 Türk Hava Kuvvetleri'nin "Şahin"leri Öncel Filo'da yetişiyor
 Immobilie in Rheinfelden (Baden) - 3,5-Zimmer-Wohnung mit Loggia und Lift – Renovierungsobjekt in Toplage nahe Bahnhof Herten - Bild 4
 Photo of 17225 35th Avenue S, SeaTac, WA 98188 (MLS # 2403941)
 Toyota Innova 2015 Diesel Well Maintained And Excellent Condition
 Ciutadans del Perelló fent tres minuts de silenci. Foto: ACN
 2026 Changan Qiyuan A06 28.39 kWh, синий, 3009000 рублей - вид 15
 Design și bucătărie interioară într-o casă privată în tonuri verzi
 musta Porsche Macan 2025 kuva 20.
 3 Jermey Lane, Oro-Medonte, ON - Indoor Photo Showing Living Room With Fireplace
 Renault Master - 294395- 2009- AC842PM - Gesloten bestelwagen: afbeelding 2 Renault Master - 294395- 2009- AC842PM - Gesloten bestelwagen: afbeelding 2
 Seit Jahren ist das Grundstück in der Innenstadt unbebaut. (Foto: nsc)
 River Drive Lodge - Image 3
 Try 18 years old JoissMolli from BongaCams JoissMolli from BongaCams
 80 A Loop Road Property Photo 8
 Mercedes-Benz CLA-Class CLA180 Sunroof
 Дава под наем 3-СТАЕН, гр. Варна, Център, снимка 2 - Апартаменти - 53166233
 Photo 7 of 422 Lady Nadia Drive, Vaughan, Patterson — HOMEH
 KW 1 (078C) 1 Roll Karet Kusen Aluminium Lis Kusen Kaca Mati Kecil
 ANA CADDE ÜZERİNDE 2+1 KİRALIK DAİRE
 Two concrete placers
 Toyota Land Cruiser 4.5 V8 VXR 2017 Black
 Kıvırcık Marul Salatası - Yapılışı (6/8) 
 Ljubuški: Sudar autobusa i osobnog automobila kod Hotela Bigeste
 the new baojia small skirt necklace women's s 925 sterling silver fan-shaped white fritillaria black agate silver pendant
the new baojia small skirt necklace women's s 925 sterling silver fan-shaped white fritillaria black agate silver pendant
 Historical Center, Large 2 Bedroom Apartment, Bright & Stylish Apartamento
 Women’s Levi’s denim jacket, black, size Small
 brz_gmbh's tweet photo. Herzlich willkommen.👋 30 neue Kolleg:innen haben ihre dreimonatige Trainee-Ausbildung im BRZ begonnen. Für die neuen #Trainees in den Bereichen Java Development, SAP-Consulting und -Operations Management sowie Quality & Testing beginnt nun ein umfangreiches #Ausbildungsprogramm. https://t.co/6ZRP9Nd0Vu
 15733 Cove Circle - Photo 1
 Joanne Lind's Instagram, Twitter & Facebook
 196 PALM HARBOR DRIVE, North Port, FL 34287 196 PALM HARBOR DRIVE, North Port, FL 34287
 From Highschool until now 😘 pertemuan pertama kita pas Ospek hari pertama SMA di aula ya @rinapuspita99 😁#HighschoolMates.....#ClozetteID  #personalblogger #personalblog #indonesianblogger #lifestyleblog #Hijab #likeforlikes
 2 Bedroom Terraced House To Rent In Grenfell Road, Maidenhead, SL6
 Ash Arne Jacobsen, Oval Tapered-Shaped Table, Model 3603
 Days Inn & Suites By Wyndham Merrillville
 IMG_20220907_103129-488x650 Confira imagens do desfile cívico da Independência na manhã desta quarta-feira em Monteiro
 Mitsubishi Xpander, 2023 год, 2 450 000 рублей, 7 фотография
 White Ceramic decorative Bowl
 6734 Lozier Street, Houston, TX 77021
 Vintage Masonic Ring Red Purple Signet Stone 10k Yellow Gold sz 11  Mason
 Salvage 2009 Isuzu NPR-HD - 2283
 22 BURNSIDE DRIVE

________________________

Task to carry out: Using the entries shown above, reproduce verbatim the lines from the line bearing "Ciutadans del Perelló" to the line bearing "Photo 7 of 422", inclusive.

Solution:
 Ciutadans del Perelló fent tres minuts de silenci. Foto: ACN
 2026 Changan Qiyuan A06 28.39 kWh, синий, 3009000 рублей - вид 15
 Design și bucătărie interioară într-o casă privată în tonuri verzi
 musta Porsche Macan 2025 kuva 20.
 3 Jermey Lane, Oro-Medonte, ON - Indoor Photo Showing Living Room With Fireplace
 Renault Master - 294395- 2009- AC842PM - Gesloten bestelwagen: afbeelding 2 Renault Master - 294395- 2009- AC842PM - Gesloten bestelwagen: afbeelding 2
 Seit Jahren ist das Grundstück in der Innenstadt unbebaut. (Foto: nsc)
 River Drive Lodge - Image 3
 Try 18 years old JoissMolli from BongaCams JoissMolli from BongaCams
 80 A Loop Road Property Photo 8
 Mercedes-Benz CLA-Class CLA180 Sunroof
 Дава под наем 3-СТАЕН, гр. Варна, Център, снимка 2 - Апартаменти - 53166233
 Photo 7 of 422 Lady Nadia Drive, Vaughan, Patterson — HOMEH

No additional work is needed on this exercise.